### TASK OBJECTIVE
Your answer must hold only the lines below from the line containing "The Bookkeeper |" through the line containing "Chevrolet Groove 2024 — DubiCars", each reproduced exactly.

(Data excerpts)
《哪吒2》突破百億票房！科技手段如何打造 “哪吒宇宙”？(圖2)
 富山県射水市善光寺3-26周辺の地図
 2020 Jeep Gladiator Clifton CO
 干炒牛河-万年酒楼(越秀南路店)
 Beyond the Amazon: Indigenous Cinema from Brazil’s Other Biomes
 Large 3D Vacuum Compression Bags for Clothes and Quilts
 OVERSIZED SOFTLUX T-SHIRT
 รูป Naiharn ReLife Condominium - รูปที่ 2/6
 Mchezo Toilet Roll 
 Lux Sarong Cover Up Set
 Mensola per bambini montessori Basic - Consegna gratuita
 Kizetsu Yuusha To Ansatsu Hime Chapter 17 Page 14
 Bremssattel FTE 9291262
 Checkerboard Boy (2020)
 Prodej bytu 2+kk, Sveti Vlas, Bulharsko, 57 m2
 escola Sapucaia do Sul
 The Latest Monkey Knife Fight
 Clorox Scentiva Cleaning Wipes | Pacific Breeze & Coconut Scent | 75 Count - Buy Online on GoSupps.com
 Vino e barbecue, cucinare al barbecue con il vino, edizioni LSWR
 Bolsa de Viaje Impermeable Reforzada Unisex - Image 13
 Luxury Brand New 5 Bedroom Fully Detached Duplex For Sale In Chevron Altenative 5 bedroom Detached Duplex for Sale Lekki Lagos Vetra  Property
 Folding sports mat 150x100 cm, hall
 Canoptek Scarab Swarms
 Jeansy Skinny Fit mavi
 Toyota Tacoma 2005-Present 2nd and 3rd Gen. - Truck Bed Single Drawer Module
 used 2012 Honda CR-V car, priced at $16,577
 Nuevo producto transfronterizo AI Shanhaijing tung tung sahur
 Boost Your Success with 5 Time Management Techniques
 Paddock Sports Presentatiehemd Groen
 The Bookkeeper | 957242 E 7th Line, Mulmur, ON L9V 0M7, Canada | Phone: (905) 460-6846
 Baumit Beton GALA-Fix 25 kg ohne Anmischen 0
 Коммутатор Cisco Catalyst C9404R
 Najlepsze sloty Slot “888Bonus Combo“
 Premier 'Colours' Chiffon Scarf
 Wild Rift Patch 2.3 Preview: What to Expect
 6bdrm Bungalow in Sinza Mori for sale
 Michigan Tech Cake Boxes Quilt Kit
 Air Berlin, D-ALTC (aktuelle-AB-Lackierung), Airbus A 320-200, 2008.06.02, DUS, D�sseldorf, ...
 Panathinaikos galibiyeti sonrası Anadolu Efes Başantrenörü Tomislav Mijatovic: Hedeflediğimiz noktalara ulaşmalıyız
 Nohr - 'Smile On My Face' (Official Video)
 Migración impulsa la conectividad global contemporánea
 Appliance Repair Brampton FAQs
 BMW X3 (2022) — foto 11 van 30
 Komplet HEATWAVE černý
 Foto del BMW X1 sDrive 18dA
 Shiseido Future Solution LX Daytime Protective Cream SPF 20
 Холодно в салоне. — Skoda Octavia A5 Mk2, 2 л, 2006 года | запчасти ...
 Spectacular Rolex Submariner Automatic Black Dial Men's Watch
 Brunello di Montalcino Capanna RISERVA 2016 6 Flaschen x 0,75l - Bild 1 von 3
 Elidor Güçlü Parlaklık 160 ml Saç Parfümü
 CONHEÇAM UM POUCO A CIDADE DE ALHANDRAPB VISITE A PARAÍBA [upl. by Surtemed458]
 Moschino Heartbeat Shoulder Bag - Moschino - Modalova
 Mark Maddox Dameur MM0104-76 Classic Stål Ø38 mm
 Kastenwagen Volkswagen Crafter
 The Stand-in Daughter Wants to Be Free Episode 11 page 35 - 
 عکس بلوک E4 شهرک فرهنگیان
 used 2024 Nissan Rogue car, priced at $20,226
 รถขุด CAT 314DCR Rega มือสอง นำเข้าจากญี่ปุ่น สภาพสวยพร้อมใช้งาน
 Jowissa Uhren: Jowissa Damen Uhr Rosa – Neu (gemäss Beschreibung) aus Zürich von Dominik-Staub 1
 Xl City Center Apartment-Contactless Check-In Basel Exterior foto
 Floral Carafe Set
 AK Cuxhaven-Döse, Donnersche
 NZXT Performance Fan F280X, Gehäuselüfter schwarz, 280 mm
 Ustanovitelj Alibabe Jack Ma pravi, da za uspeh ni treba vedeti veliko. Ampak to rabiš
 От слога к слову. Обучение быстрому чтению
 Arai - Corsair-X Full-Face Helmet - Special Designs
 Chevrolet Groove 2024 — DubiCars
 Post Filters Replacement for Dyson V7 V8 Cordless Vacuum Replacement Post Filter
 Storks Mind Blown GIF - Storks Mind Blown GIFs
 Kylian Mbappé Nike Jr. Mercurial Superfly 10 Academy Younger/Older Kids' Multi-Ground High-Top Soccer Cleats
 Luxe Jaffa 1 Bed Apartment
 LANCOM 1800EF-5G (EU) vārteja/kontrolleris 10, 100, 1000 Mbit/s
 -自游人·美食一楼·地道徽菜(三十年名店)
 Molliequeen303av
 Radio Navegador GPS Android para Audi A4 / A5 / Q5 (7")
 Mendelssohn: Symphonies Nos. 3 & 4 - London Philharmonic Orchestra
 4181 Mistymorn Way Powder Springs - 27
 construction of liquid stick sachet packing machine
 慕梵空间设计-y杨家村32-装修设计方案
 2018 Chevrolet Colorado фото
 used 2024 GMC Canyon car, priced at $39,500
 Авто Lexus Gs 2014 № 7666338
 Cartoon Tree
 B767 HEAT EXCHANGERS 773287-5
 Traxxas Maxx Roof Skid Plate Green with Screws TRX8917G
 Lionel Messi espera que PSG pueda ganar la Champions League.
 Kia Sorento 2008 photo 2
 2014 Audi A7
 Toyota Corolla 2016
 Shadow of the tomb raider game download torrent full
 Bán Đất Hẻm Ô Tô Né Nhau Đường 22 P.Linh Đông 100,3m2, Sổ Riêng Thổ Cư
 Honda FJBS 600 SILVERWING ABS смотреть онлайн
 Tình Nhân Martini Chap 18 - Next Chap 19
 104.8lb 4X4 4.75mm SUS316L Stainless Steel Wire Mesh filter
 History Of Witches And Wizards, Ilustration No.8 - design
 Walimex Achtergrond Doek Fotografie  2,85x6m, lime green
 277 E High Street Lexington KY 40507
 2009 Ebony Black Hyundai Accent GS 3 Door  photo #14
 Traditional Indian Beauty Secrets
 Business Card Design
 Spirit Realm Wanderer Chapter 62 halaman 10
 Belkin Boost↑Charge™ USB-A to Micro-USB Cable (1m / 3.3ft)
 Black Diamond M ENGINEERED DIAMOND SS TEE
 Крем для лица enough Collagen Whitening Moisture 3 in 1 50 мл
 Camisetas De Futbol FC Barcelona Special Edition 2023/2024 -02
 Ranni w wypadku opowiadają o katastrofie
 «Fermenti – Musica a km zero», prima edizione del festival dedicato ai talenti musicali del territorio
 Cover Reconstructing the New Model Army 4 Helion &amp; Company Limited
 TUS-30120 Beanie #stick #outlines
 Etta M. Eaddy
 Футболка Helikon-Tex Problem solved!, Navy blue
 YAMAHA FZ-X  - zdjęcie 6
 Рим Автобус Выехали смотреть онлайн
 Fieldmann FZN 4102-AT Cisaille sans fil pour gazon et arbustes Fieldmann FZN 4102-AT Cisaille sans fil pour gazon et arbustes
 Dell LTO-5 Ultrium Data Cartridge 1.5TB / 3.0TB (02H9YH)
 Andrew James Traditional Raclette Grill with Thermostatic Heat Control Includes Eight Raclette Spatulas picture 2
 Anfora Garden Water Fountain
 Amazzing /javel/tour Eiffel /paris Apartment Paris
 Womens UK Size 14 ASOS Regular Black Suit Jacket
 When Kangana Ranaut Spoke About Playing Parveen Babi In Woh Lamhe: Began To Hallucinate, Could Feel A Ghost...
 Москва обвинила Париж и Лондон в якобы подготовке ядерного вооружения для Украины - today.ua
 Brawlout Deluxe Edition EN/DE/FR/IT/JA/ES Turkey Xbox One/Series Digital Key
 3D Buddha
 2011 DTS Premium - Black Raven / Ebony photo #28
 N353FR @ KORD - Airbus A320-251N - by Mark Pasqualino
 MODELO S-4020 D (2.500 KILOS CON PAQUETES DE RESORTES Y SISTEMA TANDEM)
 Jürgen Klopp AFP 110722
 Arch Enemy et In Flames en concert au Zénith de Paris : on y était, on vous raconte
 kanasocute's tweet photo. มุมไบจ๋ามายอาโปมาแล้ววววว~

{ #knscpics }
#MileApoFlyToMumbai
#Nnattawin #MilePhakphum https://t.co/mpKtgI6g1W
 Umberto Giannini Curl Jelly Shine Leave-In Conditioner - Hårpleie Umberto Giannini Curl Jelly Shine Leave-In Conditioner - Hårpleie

### RESULT OF THE TASK
 The Bookkeeper | 957242 E 7th Line, Mulmur, ON L9V 0M7, Canada | Phone: (905) 460-6846
 Baumit Beton GALA-Fix 25 kg ohne Anmischen 0
 Коммутатор Cisco Catalyst C9404R
 Najlepsze sloty Slot “888Bonus Combo“
 Premier 'Colours' Chiffon Scarf
 Wild Rift Patch 2.3 Preview: What to Expect
 6bdrm Bungalow in Sinza Mori for sale
 Michigan Tech Cake Boxes Quilt Kit
 Air Berlin, D-ALTC (aktuelle-AB-Lackierung), Airbus A 320-200, 2008.06.02, DUS, D�sseldorf, ...
 Panathinaikos galibiyeti sonrası Anadolu Efes Başantrenörü Tomislav Mijatovic: Hedeflediğimiz noktalara ulaşmalıyız
 Nohr - 'Smile On My Face' (Official Video)
 Migración impulsa la conectividad global contemporánea
 Appliance Repair Brampton FAQs
 BMW X3 (2022) — foto 11 van 30
 Komplet HEATWAVE černý
 Foto del BMW X1 sDrive 18dA
 Shiseido Future Solution LX Daytime Protective Cream SPF 20
 Холодно в салоне. — Skoda Octavia A5 Mk2, 2 л, 2006 года | запчасти ...
 Spectacular Rolex Submariner Automatic Black Dial Men's Watch
 Brunello di Montalcino Capanna RISERVA 2016 6 Flaschen x 0,75l - Bild 1 von 3
 Elidor Güçlü Parlaklık 160 ml Saç Parfümü
 CONHEÇAM UM POUCO A CIDADE DE ALHANDRAPB VISITE A PARAÍBA [upl. by Surtemed458]
 Moschino Heartbeat Shoulder Bag - Moschino - Modalova
 Mark Maddox Dameur MM0104-76 Classic Stål Ø38 mm
 Kastenwagen Volkswagen Crafter
 The Stand-in Daughter Wants to Be Free Episode 11 page 35 - 
 عکس بلوک E4 شهرک فرهنگیان
 used 2024 Nissan Rogue car, priced at $20,226
 รถขุด CAT 314DCR Rega มือสอง นำเข้าจากญี่ปุ่น สภาพสวยพร้อมใช้งาน
 Jowissa Uhren: Jowissa Damen Uhr Rosa – Neu (gemäss Beschreibung) aus Zürich von Dominik-Staub 1
 Xl City Center Apartment-Contactless Check-In Basel Exterior foto
 Floral Carafe Set
 AK Cuxhaven-Döse, Donnersche
 NZXT Performance Fan F280X, Gehäuselüfter schwarz, 280 mm
 Ustanovitelj Alibabe Jack Ma pravi, da za uspeh ni treba vedeti veliko. Ampak to rabiš
 От слога к слову. Обучение быстрому чтению
 Arai - Corsair-X Full-Face Helmet - Special Designs
 Chevrolet Groove 2024 — DubiCars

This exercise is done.